Lo que ocurría, en verdad, era que el foco de atención se desplazaba del ombligo del Estado a los mejores intereses de los ciudadanos, que tomaban conciencia de un progresivo avasallamiento de sus derechos en nombre de una abstracción estatista. Y cada vez aparecía más claro para todos que las empresas en manos privadas demostraban un mejor manejo de sus proyectos, fortaleciéndose así la economía de un país y logrando su efectivo crecimiento.
De hecho, el gobierno elegido en 1990 inicia —aunque no completa— un proceso de privatización, que avanzó de modo desigual según el interés de los sectores involucrados y según el tiempo transcurría.
En ese ambiente ya más propicio, la Constitución de 1993 recogió en su título dedicado al régimen económico los principios de la libre iniciativa privada, del rol subsidiario del Estado frente a ella en la actividad empresarial, de la libre competencia, del igual tratamiento de la inversión nacional y la extranjera, y la responsabilidad del Estado en la defensa del interés de los consumidores y usuarios. Estos principios, entre otros, conforman el marco institucional que permitió el desenvolvimiento exitoso de nuestra economía en las décadas siguientes.
Como remanentes del estatus anterior quedaron unas cuantas empresas públicas que permanecen como tales más de tres décadas después. Entre ellas, se encuentran, como muestras tristes del museo nacional de fracasos, Sedapal y Petroperú. La primera, dedicada a la provisión de agua potable y saneamiento en la capital, y la segunda a la refinación, distribución y comercialización de combustibles y derivados del petróleo.

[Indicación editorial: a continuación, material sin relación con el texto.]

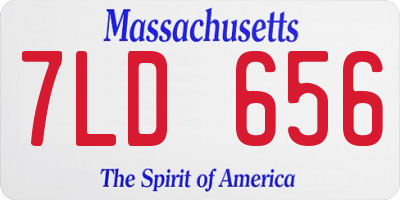 MA license plate 7LD656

Las falencias de ambas empresas son evidentes para el escrutinio ciudadano. En Sedapal, por su prolongada inoperancia en la cobertura de sus servicios en favor de vastos sectores poblacionales, muy especialmente los más pobres. Y en Petroperú, por su inagotable demanda de financiamiento para atender sus erradas decisiones de inversión y su congénita ineficiencia organizativa.

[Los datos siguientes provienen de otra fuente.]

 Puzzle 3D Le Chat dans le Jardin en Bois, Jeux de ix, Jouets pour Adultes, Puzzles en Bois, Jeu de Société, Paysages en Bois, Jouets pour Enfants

En ambos casos, hoy reina la insatisfacción generalizada entre sus usuarios y los contribuyentes hartos ya del desperdicio de los recursos públicos. Y se extiende entre todos la conciencia de que la mala asignación de tales recursos empobrece a toda la sociedad e impide su uso alternativo con fines económicamente más productivos y socialmente más urgentes.

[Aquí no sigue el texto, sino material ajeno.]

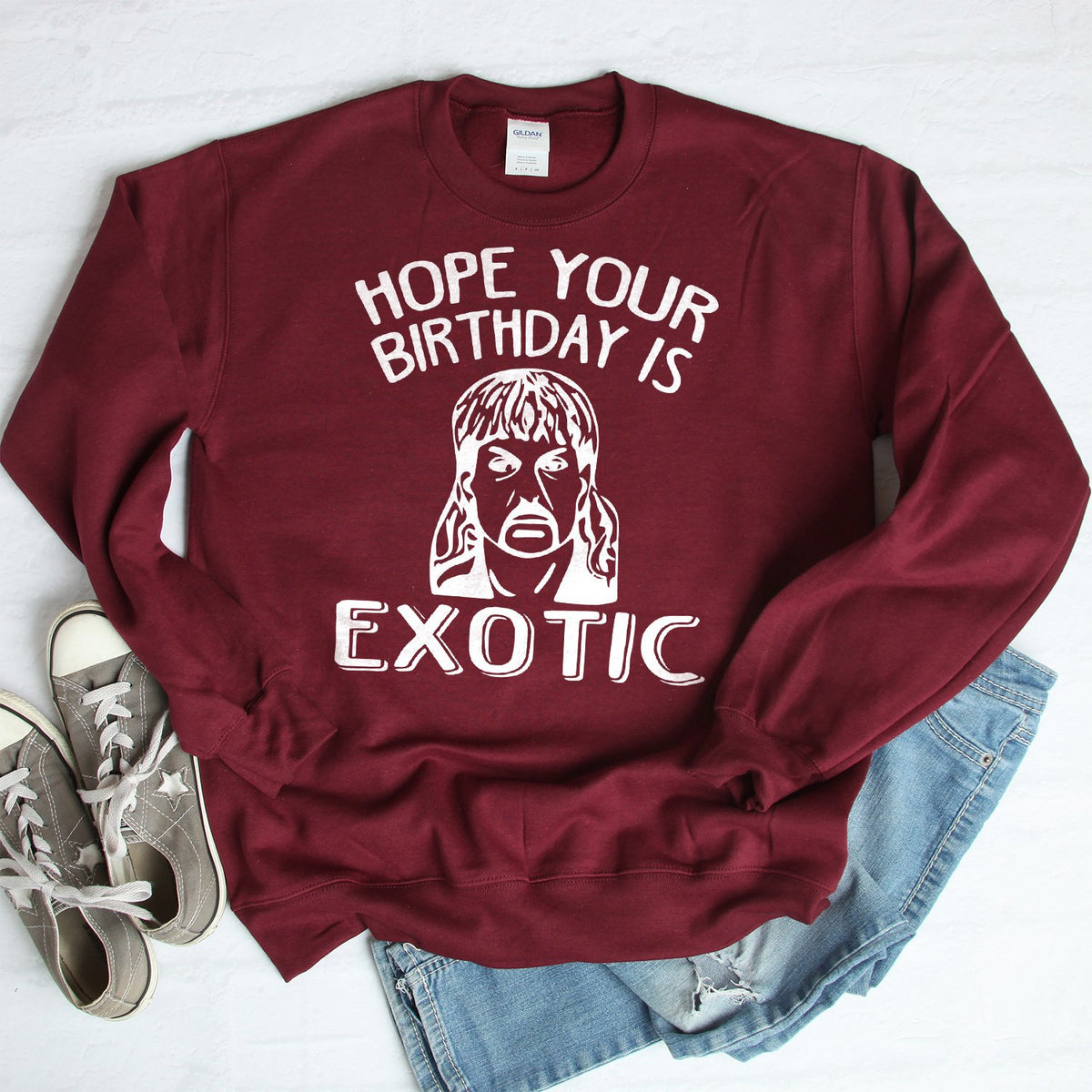 Hope Your Birthday is Exotic - Long Sleeve Heavy Crewneck Sweatshirt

Mientras tanto, el Estado se muestra tercamente obstinado en mantener el statu quo, y se resiste a soltar el dominio de estas empresas remanentes en favor de agentes productivos más eficientes y más responsables, impulsando un proceso de privatización claramente inconcluso.
Todo ello contribuye a que la sociedad se perciba cada día menos representada por ese Estado y que se debilite aún más la satisfacción ciudadana por esa clase de democracia.